### [Work to complete]
Begin at the line that has "Namaste and suswagatam", stop after the line that has "OK, so those", and print exactly those lines from the records below, without any pictures.

### [Supplied data]

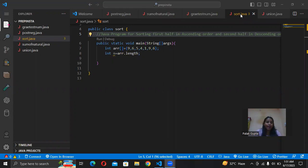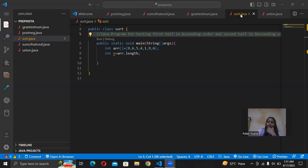So I take one array and initialize it. This is basically our array. So what are we doing here? There are 10 values. We are sorting 5 values in ascending order and 5 values in descending order.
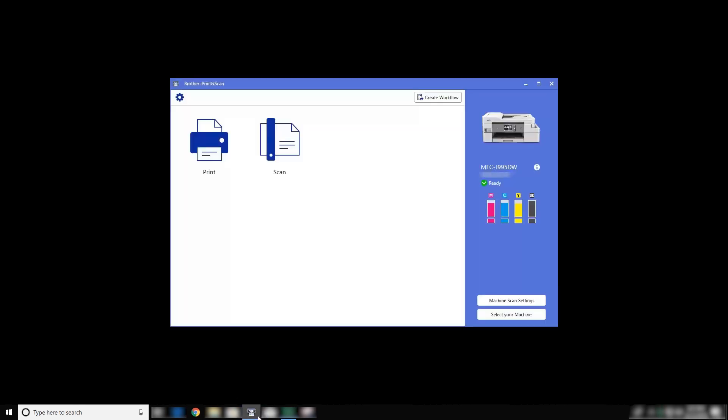To begin, launch the Brother iPrint and Scan application. Although there are several methods for emailing from Brother iPrint and Scan, for this video we will focus on saving the scanned documents to the computer and attaching them using the Gmail website.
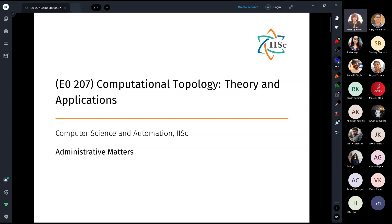Namaste and suswagatam — a warm welcome to this course on Computational Topology: Theory and Applications. The plan for today's lecture has three broad parts: the first concerns administrative matters, the second covers the topics of the first half of the course, and the third covers the topics that Professor Vijay Natarajan will be covering in the second half.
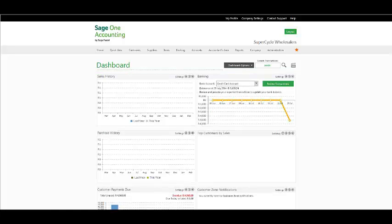Good day ladies and gentlemen and welcome to the SageOne Accounting Webinar. The topic that will be handled in this webinar is the Customer Statement Run. First and foremost, I would like to thank you for taking time out of your busy schedule to attend today's webinar. My name is Tasneem and I will be taking you through.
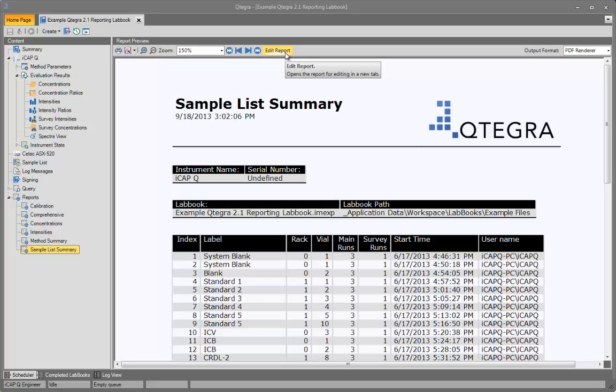OK, so those are the basics of working with reports in Qtegra. I hope you found this video useful.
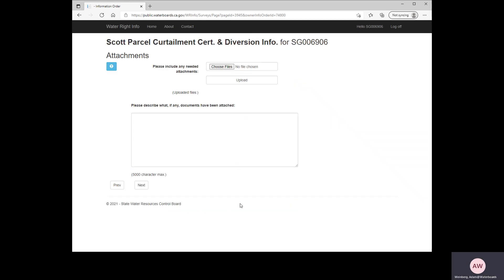This brings us to the Attachments page. If you don't have any attachments, you can skip this page and click Next. However, if you have pertinent information you want to provide — such as information about your water right in an adjudication, or about the location of your groundwater well or your parcels — you would click Choose Files to select the file on your computer, then click Upload. Having done so, please describe in the text box what documents you've attached, then click Next.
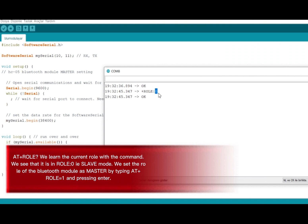With the AT+ROLE command, we learn the current role. We see that it is in role zero, which is slave mode. We set the role of the Bluetooth module as master by typing AT+ROLE=1 and pressing Enter.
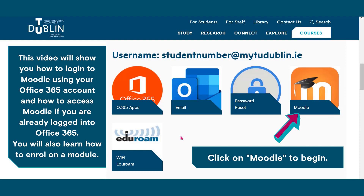This video will show you how to log into your Moodle using your Office 365 account and how to access Moodle if you're already logged into Office 365. You will also learn how to enrol on a module. Click on Moodle to begin.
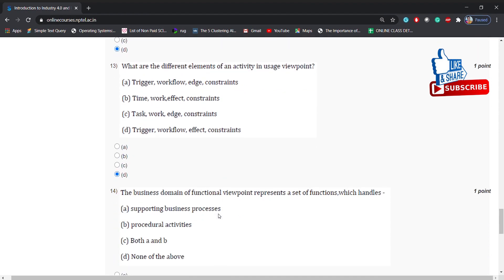What are the different elements of an activity in the usage viewpoint? Options: trigger workflow edge constraints, time work effect constraints, task work edge constraints, trigger workflow effect constraints. Answer is: trigger workflow effect constraints.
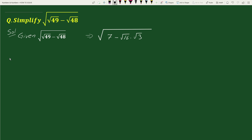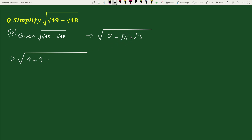This equals square root of 7, which can be written as 4 plus 3, minus square root of 16 times square root of 3. Since square root of 16 is 4, we can write square root of 16 times square root of 3 as 4 times square root of 3.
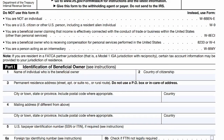If you're a beneficial owner claiming income effectively connected with the conduct of trade or business within the United States — basically if you have a direct relationship with the company — you need to use the W-8ECI form instead. You also can't use this form if you're receiving compensation for personal services performed in the US, or if you're acting on behalf of someone else as an intermediary — that requires the W-8IMY form.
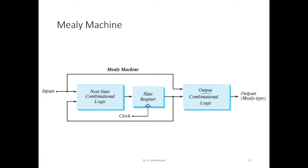This is the memory associated with the sequential circuit and there is some combinational circuit that computes the output. And this is the state of the circuit.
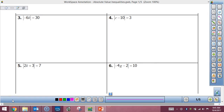Alright, so a review from last chapter — what do these symbols mean? Absolute value. The definition of absolute value is the distance a number is from zero on the number line.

### [Response area]
Namaste and suswagatam — a warm welcome to this course on Computational Topology: Theory and Applications. The plan for today's lecture has three broad parts: the first concerns administrative matters, the second covers the topics of the first half of the course, and the third covers the topics that Professor Vijay Natarajan will be covering in the second half.
Good day ladies and gentlemen and welcome to the SageOne Accounting Webinar. The topic that will be handled in this webinar is the Customer Statement Run. First and foremost, I would like to thank you for taking time out of your busy schedule to attend today's webinar. My name is Tasneem and I will be taking you through.
OK, so those are the basics of working with reports in Qtegra. I hope you found this video useful.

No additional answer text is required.